_DATASET CONTENT:_
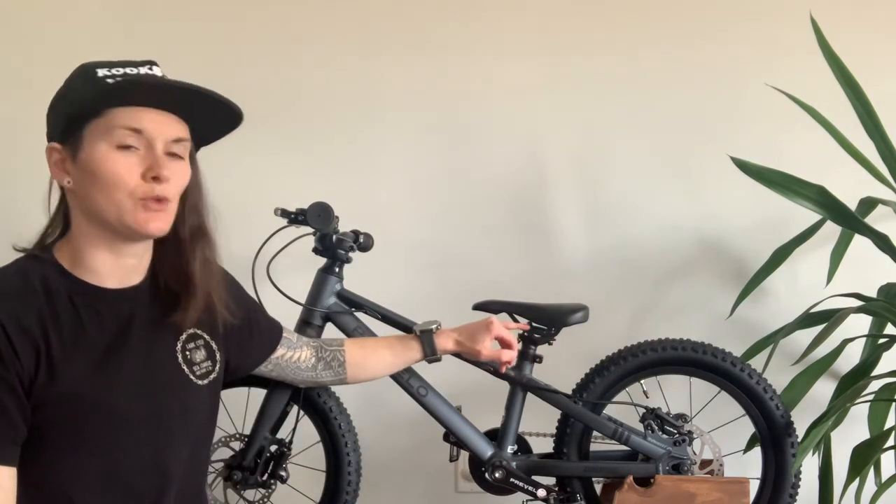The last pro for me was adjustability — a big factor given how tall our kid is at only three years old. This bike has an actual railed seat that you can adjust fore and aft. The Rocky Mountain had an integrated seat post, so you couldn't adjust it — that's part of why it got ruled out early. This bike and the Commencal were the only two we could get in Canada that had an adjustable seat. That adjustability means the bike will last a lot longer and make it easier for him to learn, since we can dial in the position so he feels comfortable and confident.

--

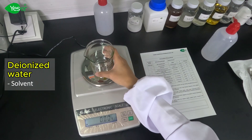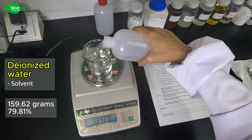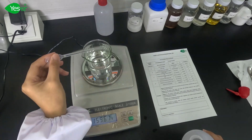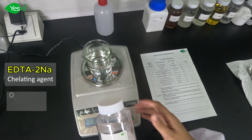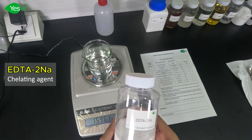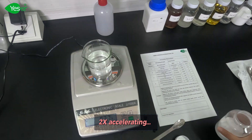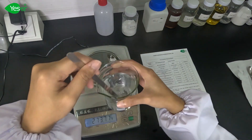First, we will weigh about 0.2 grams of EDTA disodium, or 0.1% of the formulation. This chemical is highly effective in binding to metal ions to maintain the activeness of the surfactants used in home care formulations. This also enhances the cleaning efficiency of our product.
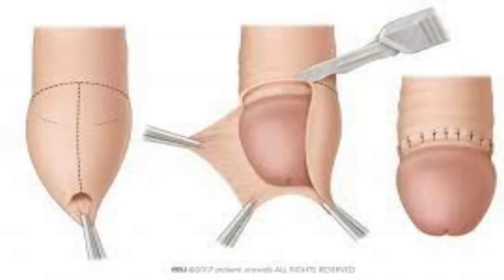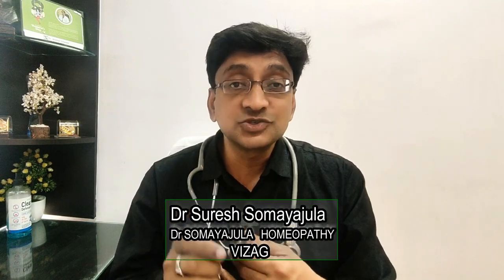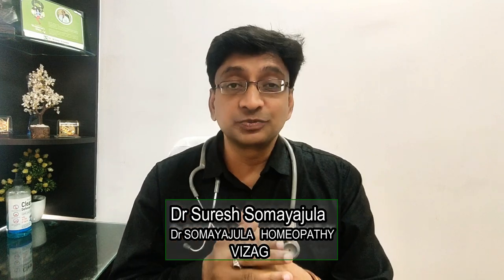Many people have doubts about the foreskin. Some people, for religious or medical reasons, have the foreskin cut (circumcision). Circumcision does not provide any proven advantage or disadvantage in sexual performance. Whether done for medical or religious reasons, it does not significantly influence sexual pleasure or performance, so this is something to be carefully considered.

...

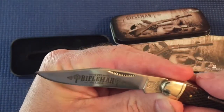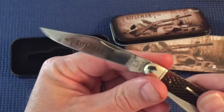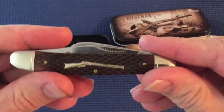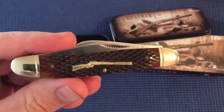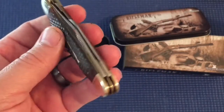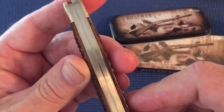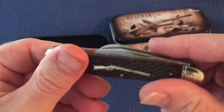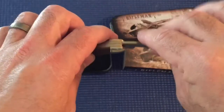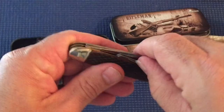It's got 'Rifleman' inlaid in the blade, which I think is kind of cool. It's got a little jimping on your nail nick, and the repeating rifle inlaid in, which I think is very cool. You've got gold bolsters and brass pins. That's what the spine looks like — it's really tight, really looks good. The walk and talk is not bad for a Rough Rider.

_TASK STATEMENT:_ Exactly the lines above, from the one containing "First, we will" down to the one containing "Many people have", are to be repeated, including both ends. Pictures are not part of the copy.

_OUTPUT OF THE EXERCISE:_
First, we will weigh about 0.2 grams of EDTA disodium, or 0.1% of the formulation. This chemical is highly effective in binding to metal ions to maintain the activeness of the surfactants used in home care formulations. This also enhances the cleaning efficiency of our product.
Many people have doubts about the foreskin. Some people, for religious or medical reasons, have the foreskin cut (circumcision). Circumcision does not provide any proven advantage or disadvantage in sexual performance. Whether done for medical or religious reasons, it does not significantly influence sexual pleasure or performance, so this is something to be carefully considered.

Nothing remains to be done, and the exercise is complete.